EXTRACTED INFORMATION: Begin
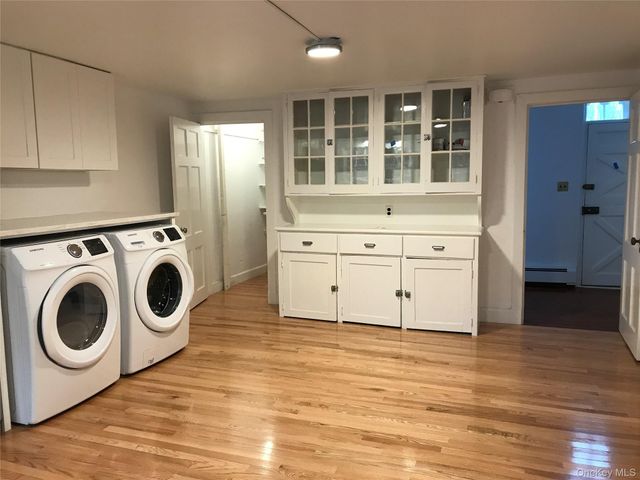 23 Lloyd Harbor Road, Lloyd Harbor, NY 11743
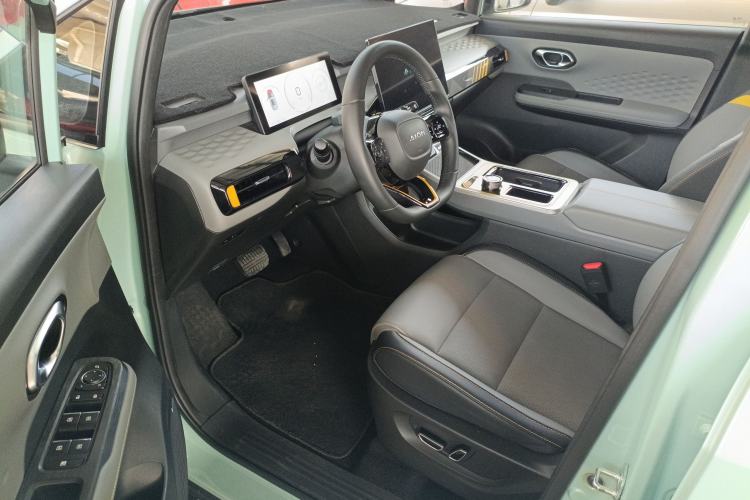 Used AION Y 2022 70 Tech Edition Lithium Iron Phosphate
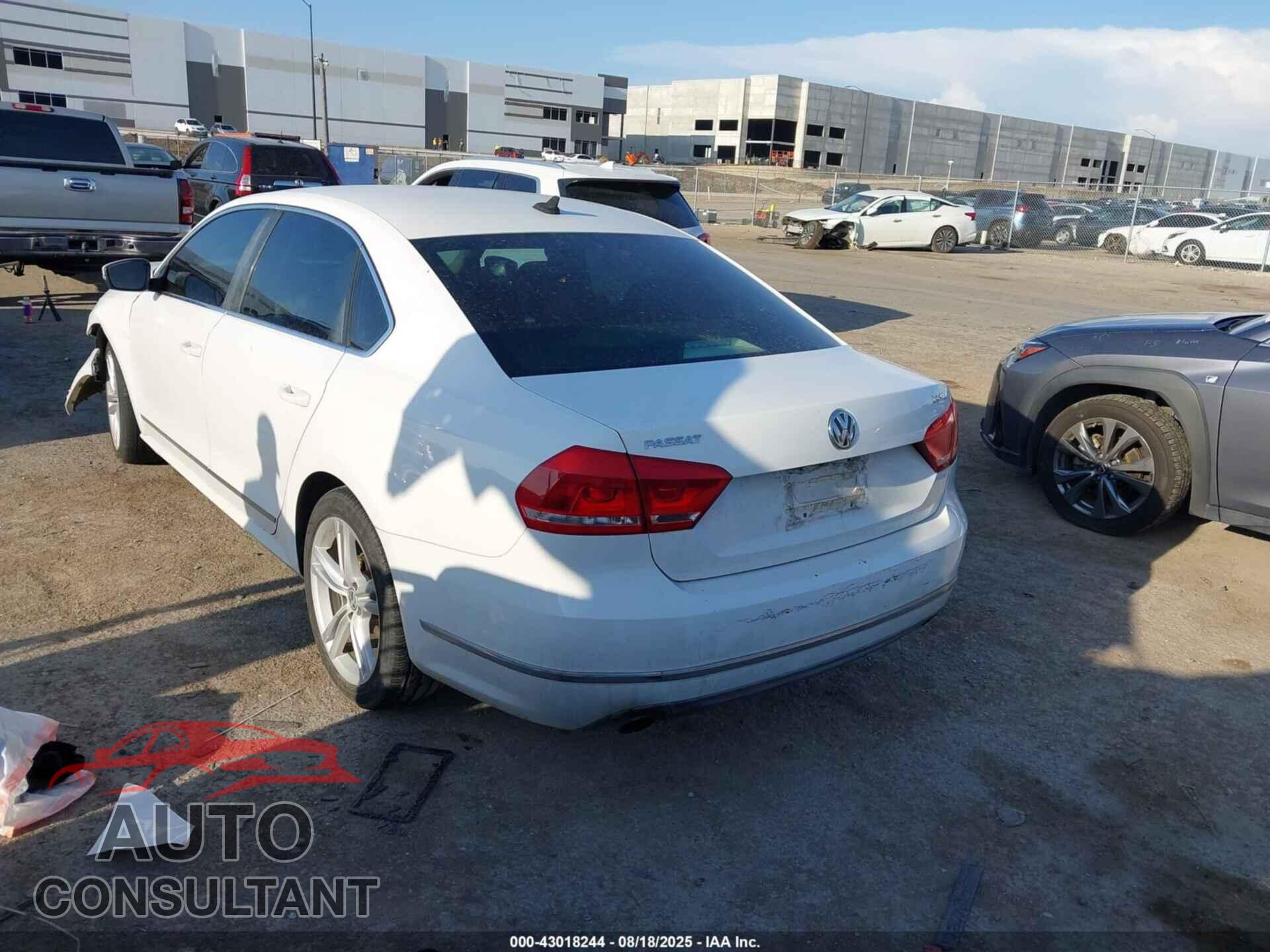 VOLKSWAGEN PASSAT 2013 - 1VWCM7A31DC069901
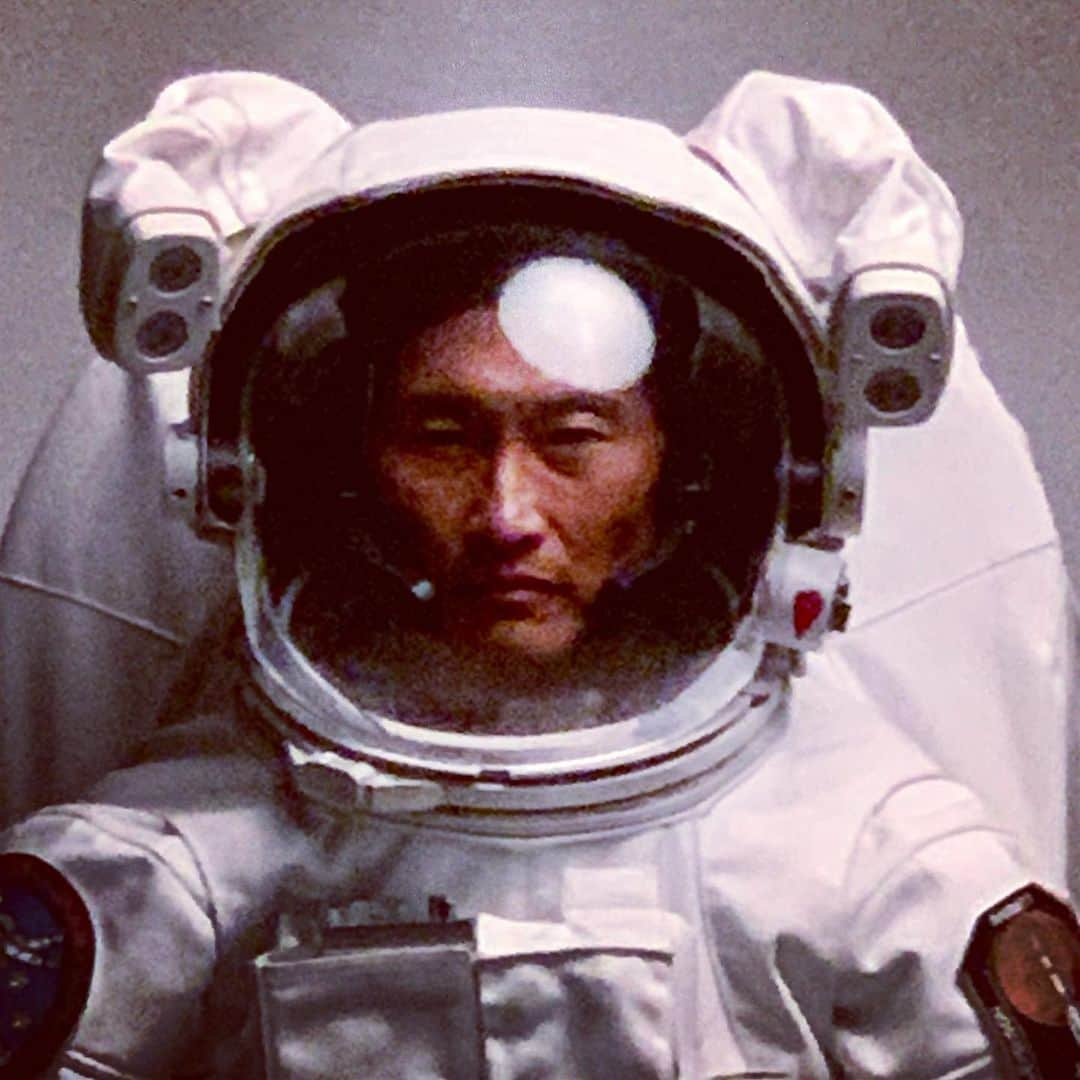 ダニエル・デイ・キムさんのインスタグラム写真 - (ダニエル・デイ・キムInstagram)「Dedicated to Ellison Onizuka. #Stowaway is coming.」6月25日 2時15分 - danieldaekim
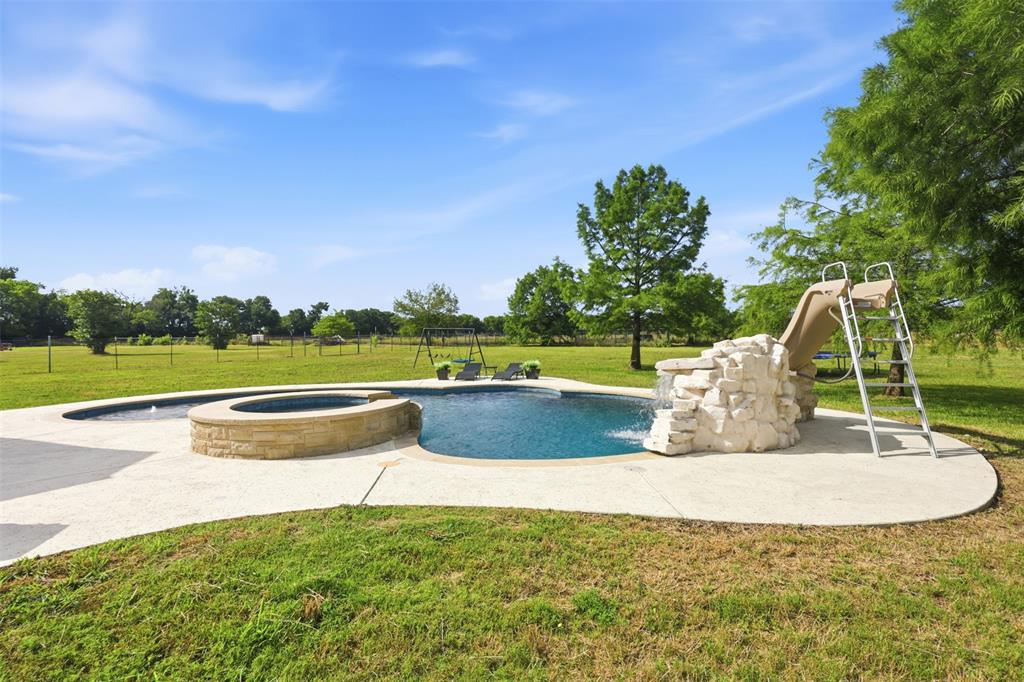 LAKERIDGE FARMS - Residential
EXTRACTED INFORMATION: End
> **PROBLEM DESCRIPTION**: Find the line that contains "ダニエル・デイ・キムさんのインスタグラム写真 - (ダニエル・デイ・キムInstagram)「Dedicated" and repeat it, along with every line after it to the end of the data, exactly; drop the pictures.

> **RESPONSE TO THE TASK**:
 ダニエル・デイ・キムさんのインスタグラム写真 - (ダニエル・デイ・キムInstagram)「Dedicated to Ellison Onizuka. #Stowaway is coming.」6月25日 2時15分 - danieldaekim
 LAKERIDGE FARMS - Residential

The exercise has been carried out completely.